_Exercise objective_. Extract from the entries below, exactly as given, only the lines from the line containing "Elrgy 16-1 Ratio gear box. - Image 3 of 5" to the line containing "细糯种阳绿白底青正圈平安镯 55圈口 天然缅甸A货翡翠（yc527803）", both lines included.

_Data for review_.
***
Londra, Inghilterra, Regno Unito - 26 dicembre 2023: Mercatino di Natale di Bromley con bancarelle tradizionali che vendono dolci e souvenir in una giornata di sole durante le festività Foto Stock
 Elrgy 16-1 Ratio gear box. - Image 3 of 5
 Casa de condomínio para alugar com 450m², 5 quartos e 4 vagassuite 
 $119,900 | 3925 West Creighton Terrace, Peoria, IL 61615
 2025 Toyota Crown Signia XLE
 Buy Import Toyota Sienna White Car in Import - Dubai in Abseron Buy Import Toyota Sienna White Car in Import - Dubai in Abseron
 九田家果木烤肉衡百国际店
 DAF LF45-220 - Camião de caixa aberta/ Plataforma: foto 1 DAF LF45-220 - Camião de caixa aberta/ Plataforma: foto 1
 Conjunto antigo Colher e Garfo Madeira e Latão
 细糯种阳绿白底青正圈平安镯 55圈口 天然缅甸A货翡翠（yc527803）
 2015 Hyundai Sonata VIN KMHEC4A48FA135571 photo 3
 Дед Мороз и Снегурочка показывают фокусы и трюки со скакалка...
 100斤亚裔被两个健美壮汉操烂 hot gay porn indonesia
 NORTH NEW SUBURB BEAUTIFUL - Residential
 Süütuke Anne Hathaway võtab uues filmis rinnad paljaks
***
_Answer to this exercise_.
 Elrgy 16-1 Ratio gear box. - Image 3 of 5
 Casa de condomínio para alugar com 450m², 5 quartos e 4 vagassuite 
 $119,900 | 3925 West Creighton Terrace, Peoria, IL 61615
 2025 Toyota Crown Signia XLE
 Buy Import Toyota Sienna White Car in Import - Dubai in Abseron Buy Import Toyota Sienna White Car in Import - Dubai in Abseron
 九田家果木烤肉衡百国际店
 DAF LF45-220 - Camião de caixa aberta/ Plataforma: foto 1 DAF LF45-220 - Camião de caixa aberta/ Plataforma: foto 1
 Conjunto antigo Colher e Garfo Madeira e Latão
 细糯种阳绿白底青正圈平安镯 55圈口 天然缅甸A货翡翠（yc527803）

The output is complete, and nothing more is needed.